ASANGA (Aryasanga)—a Buddhist thinker, commentator, and author of many mahayanist treatises, probably lived in the fourth century.
Asanga come from Gandhara in north-west India (today Peshawar). He was at first a follower of hinayana but with his brother Vasubandhu (a Buddhist philosopher) he affiliated himself with mahayana. In the writings ascribed to him, including Yogacarabhumishastra (Manual of stages of the application of yoga), Mahayanasamgraha (The concept of mahayana), and Abhidharmasamuccaya (Collection of abhidharma), he regards mahayana as the sole authentic doctrine of Buddha (abhidhamma). According to Asanga, awakening, or the intuitive knowledge of the highest truth, can be obtained only by methodical yogic practice, and so he founded the school of yogacari and developed the Buddhist theory of consciousness. He introduced into that theory the concept of “the store of consciousness”, i.e. superconsciousness, which hides the embryos of ideas and actions future and past, and also gathers the results of the influence of truth—karman. One consequence of the presuppostion referring to more ancient thoughts, that all perceptible phenomena and their features are only a projection of ideas from “the store of consciousness” was that Asanga accepted the idea that the world is an illusion (maya).

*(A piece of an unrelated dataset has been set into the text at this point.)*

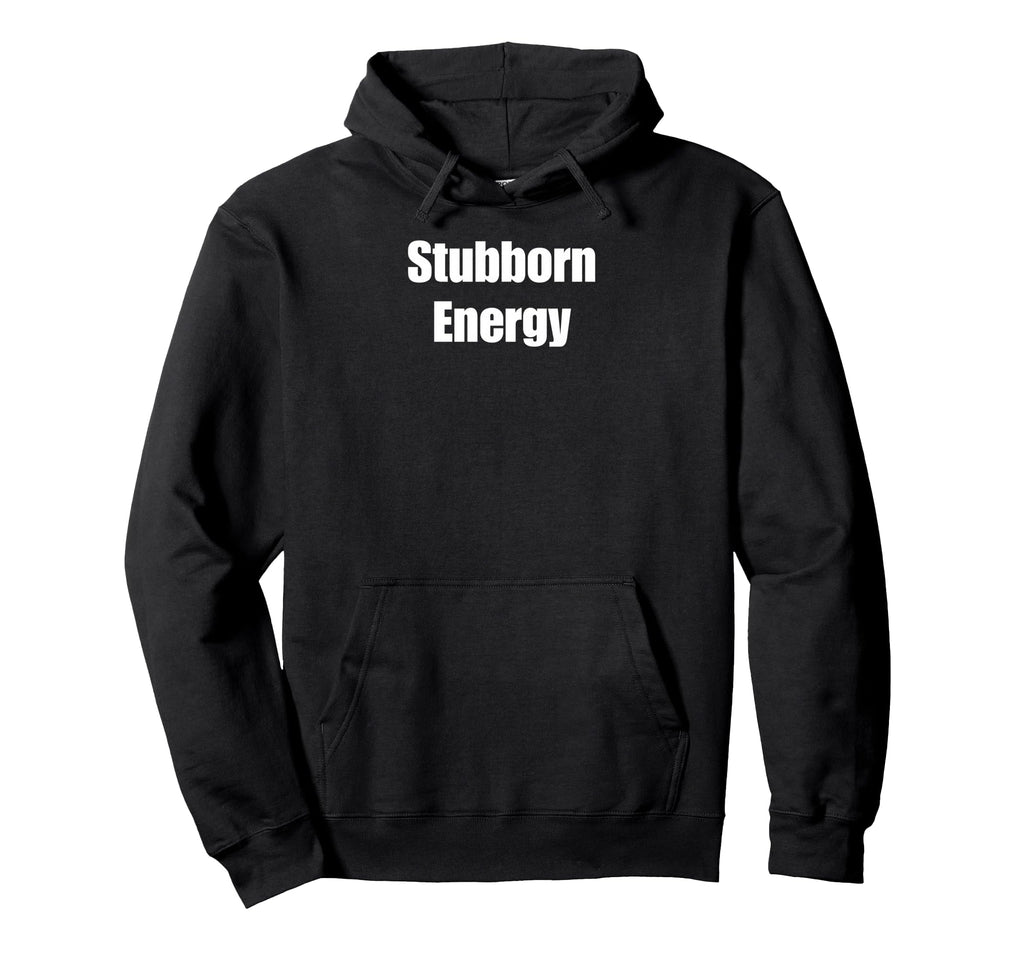 Stubborn Energy Funny Hoodie - Casual Everyday Wear Unisex - T-Shirt, Sweatshirt, Hoodie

M. Winternitz, A History of Indian Literature, Ca 1933; II 354–356; S. Radhakrishnan, Indian Philosophy, Lo 1951 (Filozofia indyjska [Indian philosophy], Wwa 1959–1960, I 571–588); E. Conze, Buddhist Thought in India, Lo 1962, 133–134, 250–254; M. Mejor, Buddyzm [Buddhism], Wwa 1980; S. Schayer, O filozofowaniu Hindusów [Of the philosophical thought of the Indians], Wwa 1988.